Nothing in the data below may be left out; return all of it exactly.

-------- Dataset extract

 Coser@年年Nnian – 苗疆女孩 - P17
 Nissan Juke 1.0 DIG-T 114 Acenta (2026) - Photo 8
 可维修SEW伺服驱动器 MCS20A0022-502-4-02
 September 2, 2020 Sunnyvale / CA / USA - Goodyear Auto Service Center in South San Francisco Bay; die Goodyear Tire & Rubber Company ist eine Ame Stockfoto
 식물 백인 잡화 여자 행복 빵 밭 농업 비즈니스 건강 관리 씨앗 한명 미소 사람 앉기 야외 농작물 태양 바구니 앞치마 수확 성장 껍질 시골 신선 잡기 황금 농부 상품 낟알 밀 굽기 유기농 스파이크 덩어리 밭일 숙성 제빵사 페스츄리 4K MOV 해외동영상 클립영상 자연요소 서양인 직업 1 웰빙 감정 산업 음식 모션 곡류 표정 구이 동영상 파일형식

----------------

Written reply —
 Coser@年年Nnian – 苗疆女孩 - P17
 Nissan Juke 1.0 DIG-T 114 Acenta (2026) - Photo 8
 可维修SEW伺服驱动器 MCS20A0022-502-4-02
 September 2, 2020 Sunnyvale / CA / USA - Goodyear Auto Service Center in South San Francisco Bay; die Goodyear Tire & Rubber Company ist eine Ame Stockfoto
 식물 백인 잡화 여자 행복 빵 밭 농업 비즈니스 건강 관리 씨앗 한명 미소 사람 앉기 야외 농작물 태양 바구니 앞치마 수확 성장 껍질 시골 신선 잡기 황금 농부 상품 낟알 밀 굽기 유기농 스파이크 덩어리 밭일 숙성 제빵사 페스츄리 4K MOV 해외동영상 클립영상 자연요소 서양인 직업 1 웰빙 감정 산업 음식 모션 곡류 표정 구이 동영상 파일형식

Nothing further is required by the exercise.